15. The method of claim 12, wherein the Charpy V-notch impact energy of the composition, strength of the cast steel composition after hot rolling and cooling, measured according to ASTM E23 in full size samples is greater than about 220 J at temperatures greater than or equal to −20° C.

16. The method of claim 9, wherein the composition comprises:

about 0.05-0.10 wt. % carbon (C);

about 0.8 to 1.6 wt. % manganese (Mn);

about 0.05 to 0.30 wt. % silicon (Si);

up to about 0.4 wt. % nickel (Ni);

up to about 0.3 wt. % chromium (Cr);

up to about 0.3 wt. % molybdenum (Mo);

up to about 0.1 wt. % vanadium (V);

up to about 0.04 wt. % niobium (Nb);

about 0.015 to 0.025 wt. % titanium (Ti);

about 0.0005-0.015 wt. % boron (B); and

less than or equal to 0.007 wt. % nitrogen (N);

17. A pipe formed according to the method of claim 9.

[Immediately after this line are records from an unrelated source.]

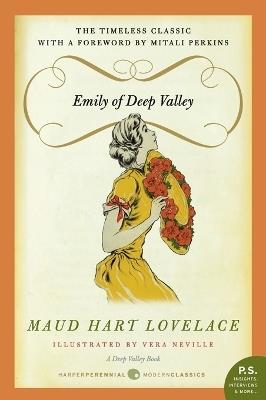 Emily of Deep Valley - Maud Hart Lovelace - cover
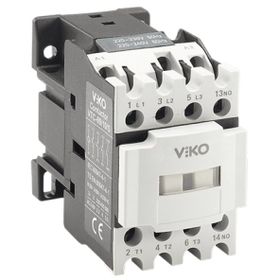 Viko 18,5 Kw 40A 230V 1no 1nc Ac Kontaktör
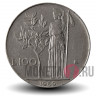 100 лир 1969 года - Италия - Минерва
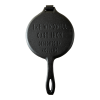 Cast iron wafelijzer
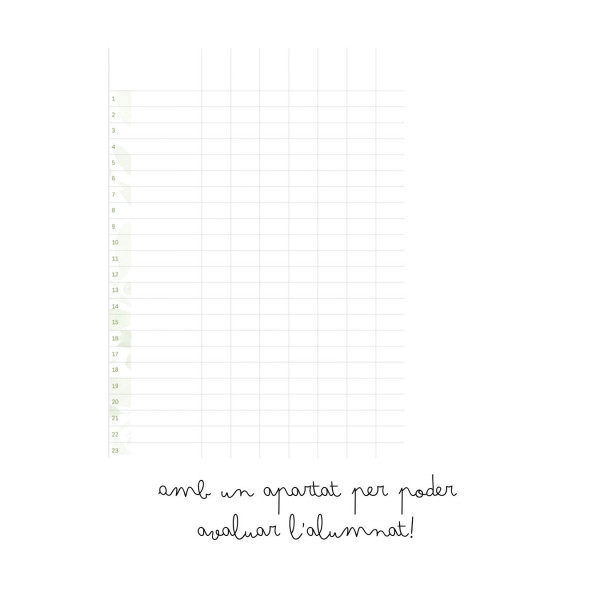 QUADERN DOCENT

18. A method of making a steel composition, comprising:

providing a steel composition comprising: about 0.04-0.12 wt. % carbon (C); about 0.8 to 1.6 wt. % manganese (Mn); about 0.05 to 0.3 wt. % silicon (Si); less than or equal to about 0.5 wt. % nickel (Ni); less than or equal to about 0.5 wt. % chromium (Cr); less than or equal to about 0.5 wt. % molybdenum (Mo); less than or equal to about 0.15 wt. % vanadium (V); less than or equal to about 0.05 wt. % niobium (Nb); about 0.01 to 0.03 wt. % titanium (Ti); about 0.0005-0.0030 wt. % boron (B); and less than or equal to 0.008 wt. % nitrogen (N);

wherein the concentration of each element is based upon the total weight of the steel composition;

wherein about 0.0005 to 0.002 wt. % boron is kept in solid solution for improving hardenability;

casting the steel composition, wherein substantially all of the nitrogen in the cast steel composition is present in the form of TiN particles having a size less than about 50 nm to avoid the formation of boron nitrides and achieve said boron content in solid solution;

hot rolling the cast steel composition;

air cooling the formed steel composition directly after hot rolling at a rate less than about 1° C./sec; and

austenizing and quenching the composition.

19. The method of claim 18, further comprising:

reheating the cast steel composition up to about 1200 to 1300° C.;

piercing the cast steel composition at temperatures ranging between about 1100 to 1200° C.; and

hot rolling the cast steel composition at temperatures ranging between about 900-1100° C.

20. The method of claim 19, wherein the steel composition comprises:

about 0.07 to 0.10 wt. % carbon (C);

about 1.0 to 1.4 wt. % manganese (Mn);

about 0.05 to 0.15 wt. % silicon (Si);

up to about 0.4 wt. % nickel (Ni);

up to about 0.35 wt. % chromium (Cr);

up to about 0.3 wt. % molybdenum (Mo);

up to about 0.1 wt. % vanadium (V);

up to about 0.04 wt. % niobium (Nb);

about 0.02 to 0.03 wt. % titanium (Ti); and

about 0.001 to 0.002 wt. % boron (B).

21. The method of claim 20, wherein the quenched steel is tempered at a temperature between about 400 to 600° C.

22. The method of claim 21, wherein after hot rolling, cooling, austenizing and quenching, the yield strength of the composition, measured according to ASTM E8, is greater than about 100 ksi, and the Charpy V-notch impact energy of the composition, measured according to ASTM E23 in full size samples, is greater than about 170 J at temperatures equal to or greater than about −40° C.

23. The method of claim 19, wherein the steel composition comprises:

about 0.04 to 0.08 wt. % carbon;

about 1.0 to 1.4 wt. % manganese;

about 0.05 to 0.15 wt. % silicon;

up to about 0.35 wt. % chromium;

about 0.2 to 0.3 wt. % molybdenum;

about 0.03 to 0.04 wt. % niobium;

about 0.02 to 0.03 wt. % titanium; and

about 0.001 to 0.002 wt. % boron.

24. The method of claim 23, wherein the steel is reheated in the austenitic region and quenched without subsequent tempering.

25. The method of claim 24, wherein after hot rolling, cooling, austenizing and quenching, the yield strength of the composition, measured according to ASTM E8, is greater than about 100 ksi and the Charpy V-notch impact energy, measured according to ASTM E23 in full size samples, is greater than about 90 J at temperatures equal to or greater than about −40° C.

26. A pipe formed according to the method of claim 18.